> [WORK TASK]: Working from the records below, repeat exactly the lines starting at the line that contains "Goffa Large Red" and ending at the line that contains "Sell 1-room apartment.", inclusive.

*** Block opens ***

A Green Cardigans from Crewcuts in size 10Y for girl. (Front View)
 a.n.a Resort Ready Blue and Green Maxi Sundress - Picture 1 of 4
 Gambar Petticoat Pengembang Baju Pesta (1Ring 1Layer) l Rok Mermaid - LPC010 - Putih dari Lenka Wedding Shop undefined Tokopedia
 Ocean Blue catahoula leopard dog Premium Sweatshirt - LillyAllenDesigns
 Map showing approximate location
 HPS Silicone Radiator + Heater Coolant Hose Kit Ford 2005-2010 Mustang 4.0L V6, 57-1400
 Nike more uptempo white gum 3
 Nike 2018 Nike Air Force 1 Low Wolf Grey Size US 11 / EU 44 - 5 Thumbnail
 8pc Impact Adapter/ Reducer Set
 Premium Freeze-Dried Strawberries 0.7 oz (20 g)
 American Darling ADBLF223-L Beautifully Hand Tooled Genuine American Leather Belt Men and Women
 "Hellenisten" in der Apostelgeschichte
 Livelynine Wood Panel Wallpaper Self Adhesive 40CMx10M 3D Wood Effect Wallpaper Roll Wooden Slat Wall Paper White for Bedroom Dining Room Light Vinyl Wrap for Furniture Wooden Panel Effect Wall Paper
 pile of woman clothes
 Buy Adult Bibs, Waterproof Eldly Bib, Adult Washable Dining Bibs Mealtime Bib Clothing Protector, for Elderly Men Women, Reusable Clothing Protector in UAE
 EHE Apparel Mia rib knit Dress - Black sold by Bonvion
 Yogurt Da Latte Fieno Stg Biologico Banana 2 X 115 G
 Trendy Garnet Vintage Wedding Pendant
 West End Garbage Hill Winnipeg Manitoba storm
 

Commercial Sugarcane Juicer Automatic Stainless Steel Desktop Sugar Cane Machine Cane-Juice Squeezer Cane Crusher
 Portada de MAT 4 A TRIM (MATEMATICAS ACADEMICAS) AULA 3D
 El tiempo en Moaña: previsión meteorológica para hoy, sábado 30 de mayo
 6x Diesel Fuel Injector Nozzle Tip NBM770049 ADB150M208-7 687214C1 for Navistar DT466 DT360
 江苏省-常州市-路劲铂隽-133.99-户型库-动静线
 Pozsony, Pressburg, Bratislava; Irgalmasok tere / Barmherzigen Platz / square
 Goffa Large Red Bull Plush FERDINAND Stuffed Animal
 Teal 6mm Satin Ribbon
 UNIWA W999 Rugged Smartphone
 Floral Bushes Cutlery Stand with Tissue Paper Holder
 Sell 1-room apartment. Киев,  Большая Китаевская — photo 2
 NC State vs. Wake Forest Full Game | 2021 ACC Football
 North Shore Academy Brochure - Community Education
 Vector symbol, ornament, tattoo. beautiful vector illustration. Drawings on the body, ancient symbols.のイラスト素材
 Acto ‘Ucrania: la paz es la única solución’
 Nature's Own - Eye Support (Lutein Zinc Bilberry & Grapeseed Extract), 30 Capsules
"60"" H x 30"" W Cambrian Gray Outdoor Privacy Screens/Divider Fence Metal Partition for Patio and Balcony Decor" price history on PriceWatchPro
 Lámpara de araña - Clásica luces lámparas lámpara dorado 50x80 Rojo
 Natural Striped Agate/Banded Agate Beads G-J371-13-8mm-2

*** Block closes ***

> [EXPECTED ANSWER]:
 Goffa Large Red Bull Plush FERDINAND Stuffed Animal
 Teal 6mm Satin Ribbon
 UNIWA W999 Rugged Smartphone
 Floral Bushes Cutlery Stand with Tissue Paper Holder
 Sell 1-room apartment. Киев,  Большая Китаевская — photo 2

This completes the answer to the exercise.